Ramanna, Rāmañña: 1 definition

Introduction

Ramanna means something in Buddhism, Pali. If you want to know the exact meaning, history, etymology or English translation of this term then check out the descriptions on this page. Add your comment or reference to a book if you want to contribute to this summary article.

In Buddhism

Theravada (major branch of Buddhism)

Source: Pali Kanon: Pali Proper Names

The Pali name for Burma, referring particularly to the maritime provinces.

After the conversion of Ramanna to Buddhism, there was a constant intercourse between that country and Ceylon (So says also Cv.lxxvi.10f). Vijayabahu I. sent an embassy to Anuruddha, king of Ramanna, and obtained from him learned and pious monks to re establish the Sangha in Ceylon (Cv.lxviii.8; lx.5ff.; but see Cv. Trs.i.n.4).

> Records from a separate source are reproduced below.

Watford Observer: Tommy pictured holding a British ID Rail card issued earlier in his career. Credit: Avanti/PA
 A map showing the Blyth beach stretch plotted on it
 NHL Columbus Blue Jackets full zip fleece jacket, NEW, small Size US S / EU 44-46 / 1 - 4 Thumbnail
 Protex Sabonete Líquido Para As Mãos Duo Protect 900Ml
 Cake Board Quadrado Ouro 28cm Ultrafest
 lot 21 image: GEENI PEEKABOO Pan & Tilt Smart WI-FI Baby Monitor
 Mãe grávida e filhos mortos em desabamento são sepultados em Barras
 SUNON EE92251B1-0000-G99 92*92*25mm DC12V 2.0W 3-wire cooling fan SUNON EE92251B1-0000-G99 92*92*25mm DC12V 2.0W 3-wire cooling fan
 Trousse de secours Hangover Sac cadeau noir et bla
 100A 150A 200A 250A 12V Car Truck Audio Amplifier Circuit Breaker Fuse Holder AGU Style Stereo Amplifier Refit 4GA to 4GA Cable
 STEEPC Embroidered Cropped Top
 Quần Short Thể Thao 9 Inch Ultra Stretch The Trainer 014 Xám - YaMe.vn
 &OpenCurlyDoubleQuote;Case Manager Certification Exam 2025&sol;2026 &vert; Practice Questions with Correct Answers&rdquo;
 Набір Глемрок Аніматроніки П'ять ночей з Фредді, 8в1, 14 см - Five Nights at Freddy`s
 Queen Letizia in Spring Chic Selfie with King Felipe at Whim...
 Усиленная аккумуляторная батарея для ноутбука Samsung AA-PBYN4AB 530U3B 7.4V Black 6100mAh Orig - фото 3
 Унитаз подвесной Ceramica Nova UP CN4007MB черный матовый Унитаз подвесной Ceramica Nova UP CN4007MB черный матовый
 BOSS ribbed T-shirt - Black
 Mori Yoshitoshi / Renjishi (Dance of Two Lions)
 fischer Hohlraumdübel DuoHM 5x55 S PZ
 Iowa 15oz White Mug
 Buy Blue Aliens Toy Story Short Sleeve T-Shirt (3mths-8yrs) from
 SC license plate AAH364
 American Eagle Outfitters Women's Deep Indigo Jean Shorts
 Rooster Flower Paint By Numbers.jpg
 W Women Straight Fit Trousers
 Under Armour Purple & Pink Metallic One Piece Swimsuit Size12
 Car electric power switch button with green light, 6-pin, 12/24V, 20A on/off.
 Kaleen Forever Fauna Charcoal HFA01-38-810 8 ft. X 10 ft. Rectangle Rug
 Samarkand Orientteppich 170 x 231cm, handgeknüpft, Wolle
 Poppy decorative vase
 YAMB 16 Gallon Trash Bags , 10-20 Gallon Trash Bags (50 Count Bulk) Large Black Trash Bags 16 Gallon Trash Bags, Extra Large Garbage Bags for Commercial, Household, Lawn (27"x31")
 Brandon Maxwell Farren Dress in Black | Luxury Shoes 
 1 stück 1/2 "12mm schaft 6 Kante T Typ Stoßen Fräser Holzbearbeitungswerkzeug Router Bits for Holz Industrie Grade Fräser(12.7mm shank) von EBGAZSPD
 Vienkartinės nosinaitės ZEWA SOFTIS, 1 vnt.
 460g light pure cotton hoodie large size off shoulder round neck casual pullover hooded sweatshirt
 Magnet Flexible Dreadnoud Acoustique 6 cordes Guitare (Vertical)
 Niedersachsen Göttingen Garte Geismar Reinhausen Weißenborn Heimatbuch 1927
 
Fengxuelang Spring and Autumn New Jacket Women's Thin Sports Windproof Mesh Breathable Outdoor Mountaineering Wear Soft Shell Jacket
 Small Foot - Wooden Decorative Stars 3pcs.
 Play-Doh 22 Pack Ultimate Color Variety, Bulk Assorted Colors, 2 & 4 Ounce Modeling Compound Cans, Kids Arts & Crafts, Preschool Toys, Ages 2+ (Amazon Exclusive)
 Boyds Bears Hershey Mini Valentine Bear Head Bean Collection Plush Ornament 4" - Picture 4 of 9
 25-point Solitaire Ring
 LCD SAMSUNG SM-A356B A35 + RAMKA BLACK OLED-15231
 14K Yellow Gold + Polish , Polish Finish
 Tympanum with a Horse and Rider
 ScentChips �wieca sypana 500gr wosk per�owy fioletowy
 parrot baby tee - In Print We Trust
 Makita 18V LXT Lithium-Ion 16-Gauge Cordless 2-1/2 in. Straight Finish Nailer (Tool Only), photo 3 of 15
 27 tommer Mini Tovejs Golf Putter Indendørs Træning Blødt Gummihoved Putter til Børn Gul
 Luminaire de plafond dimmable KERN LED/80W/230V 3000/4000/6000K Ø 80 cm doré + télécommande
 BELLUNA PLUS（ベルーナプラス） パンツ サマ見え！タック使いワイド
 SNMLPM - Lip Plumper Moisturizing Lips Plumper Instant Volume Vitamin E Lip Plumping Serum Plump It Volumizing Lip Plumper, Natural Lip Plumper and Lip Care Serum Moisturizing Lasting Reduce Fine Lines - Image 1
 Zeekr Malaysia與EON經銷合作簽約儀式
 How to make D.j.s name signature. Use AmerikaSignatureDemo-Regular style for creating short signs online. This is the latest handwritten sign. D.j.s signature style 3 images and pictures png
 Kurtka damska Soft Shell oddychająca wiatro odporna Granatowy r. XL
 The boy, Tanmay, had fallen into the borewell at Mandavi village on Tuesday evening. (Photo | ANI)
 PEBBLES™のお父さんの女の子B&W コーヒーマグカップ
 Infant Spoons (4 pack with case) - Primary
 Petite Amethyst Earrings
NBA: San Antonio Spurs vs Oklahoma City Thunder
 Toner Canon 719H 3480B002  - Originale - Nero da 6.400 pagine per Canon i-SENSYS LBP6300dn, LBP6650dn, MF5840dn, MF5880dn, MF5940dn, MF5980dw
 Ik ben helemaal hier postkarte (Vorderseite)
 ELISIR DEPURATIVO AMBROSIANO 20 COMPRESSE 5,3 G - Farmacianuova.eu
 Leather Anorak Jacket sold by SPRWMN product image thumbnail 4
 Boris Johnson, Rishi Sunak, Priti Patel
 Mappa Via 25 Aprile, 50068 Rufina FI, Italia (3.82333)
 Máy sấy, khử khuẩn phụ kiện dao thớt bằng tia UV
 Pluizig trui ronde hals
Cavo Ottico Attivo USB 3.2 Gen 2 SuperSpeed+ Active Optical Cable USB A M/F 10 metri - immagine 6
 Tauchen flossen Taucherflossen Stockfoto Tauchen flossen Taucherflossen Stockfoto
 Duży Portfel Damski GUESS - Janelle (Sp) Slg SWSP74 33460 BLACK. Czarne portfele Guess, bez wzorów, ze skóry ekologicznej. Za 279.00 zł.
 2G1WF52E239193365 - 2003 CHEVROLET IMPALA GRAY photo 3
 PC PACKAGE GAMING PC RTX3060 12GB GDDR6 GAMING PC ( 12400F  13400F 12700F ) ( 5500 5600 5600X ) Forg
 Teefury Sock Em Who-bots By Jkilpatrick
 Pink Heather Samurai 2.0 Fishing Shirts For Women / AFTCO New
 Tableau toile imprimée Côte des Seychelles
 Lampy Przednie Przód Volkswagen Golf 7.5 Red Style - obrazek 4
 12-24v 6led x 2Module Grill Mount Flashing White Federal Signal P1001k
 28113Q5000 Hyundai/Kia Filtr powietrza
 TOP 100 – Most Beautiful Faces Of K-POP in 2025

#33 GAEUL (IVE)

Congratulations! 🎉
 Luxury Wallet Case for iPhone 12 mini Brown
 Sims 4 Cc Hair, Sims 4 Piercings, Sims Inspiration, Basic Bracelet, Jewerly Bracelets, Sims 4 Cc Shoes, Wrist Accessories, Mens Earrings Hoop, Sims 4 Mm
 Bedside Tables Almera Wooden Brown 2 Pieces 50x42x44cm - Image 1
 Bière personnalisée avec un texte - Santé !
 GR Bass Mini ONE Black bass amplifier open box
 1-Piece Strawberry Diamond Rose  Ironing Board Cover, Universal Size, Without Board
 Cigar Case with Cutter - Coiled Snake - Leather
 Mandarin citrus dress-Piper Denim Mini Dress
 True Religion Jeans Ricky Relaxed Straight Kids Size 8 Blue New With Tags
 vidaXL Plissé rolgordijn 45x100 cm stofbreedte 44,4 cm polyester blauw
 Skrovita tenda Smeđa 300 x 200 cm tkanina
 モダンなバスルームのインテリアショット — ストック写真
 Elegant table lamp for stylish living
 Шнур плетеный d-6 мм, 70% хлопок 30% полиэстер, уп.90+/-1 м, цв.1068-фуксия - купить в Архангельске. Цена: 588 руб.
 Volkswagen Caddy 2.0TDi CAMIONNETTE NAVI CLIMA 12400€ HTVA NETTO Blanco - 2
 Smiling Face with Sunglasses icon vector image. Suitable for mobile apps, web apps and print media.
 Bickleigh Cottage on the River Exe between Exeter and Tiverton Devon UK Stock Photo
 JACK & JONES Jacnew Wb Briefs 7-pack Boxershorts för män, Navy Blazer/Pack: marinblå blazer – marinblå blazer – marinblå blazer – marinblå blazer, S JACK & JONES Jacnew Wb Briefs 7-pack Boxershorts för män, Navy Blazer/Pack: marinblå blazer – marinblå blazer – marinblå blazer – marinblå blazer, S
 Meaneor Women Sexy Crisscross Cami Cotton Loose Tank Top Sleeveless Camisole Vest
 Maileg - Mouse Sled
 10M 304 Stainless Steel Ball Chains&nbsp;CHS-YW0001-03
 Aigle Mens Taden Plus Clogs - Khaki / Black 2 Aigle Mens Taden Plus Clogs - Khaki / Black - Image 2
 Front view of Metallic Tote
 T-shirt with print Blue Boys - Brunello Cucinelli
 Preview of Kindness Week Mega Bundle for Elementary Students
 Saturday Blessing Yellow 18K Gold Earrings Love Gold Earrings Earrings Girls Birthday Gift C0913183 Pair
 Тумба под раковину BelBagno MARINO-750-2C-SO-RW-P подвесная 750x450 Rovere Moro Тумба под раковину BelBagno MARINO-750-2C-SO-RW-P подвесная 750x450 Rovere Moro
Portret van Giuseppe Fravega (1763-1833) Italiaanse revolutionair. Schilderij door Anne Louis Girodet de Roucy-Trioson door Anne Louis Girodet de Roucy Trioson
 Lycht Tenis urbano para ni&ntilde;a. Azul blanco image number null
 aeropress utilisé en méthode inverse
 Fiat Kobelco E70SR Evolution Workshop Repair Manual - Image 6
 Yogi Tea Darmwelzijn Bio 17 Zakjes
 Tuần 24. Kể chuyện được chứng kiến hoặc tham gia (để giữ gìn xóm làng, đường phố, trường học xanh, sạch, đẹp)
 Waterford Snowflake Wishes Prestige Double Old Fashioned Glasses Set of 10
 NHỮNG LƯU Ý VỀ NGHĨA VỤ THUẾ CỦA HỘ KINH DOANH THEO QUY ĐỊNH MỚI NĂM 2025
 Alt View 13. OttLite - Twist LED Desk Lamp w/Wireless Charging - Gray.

The kings of Ramanna seem to have been in the habit of giving a special maintenance to Singhalese envoys sent to their country. The chief trade between the two countries was in elephants; the king of Ramanna made a gift of an elephant to every vessel bringing gifts from foreign lands. In the time of Parakkamabahu I., relations were strained between the two countries as a result of insults paid by the king of Ramanna, and Parakkamabahu sent a punitive expedition under the Damiladhikarin, Adicca. This expedition started from Pallavanka, and some of the forces landed at Kusumi in Ramanna and the others at Papphalama. It is said that in a battle fought at Ukkama, the Singhalese forces killed the Ramanna king. Thereafter, through the intervention of the monks, peace was restored between the two countries, and the Ramanas, as the people of Ramanna were called, sent a yearly tribute to the king of Ceylon. For details of this expedition see Cv.lxxvi.10ff.; also Cv. Trs.ii.69, n.3.

context information

Theravāda is a major branch of Buddhism having the the Pali canon (tipitaka) as their canonical literature, which includes the vinaya-pitaka (monastic rules), the sutta-pitaka (Buddhist sermons) and the abhidhamma-pitaka (philosophy and psychology).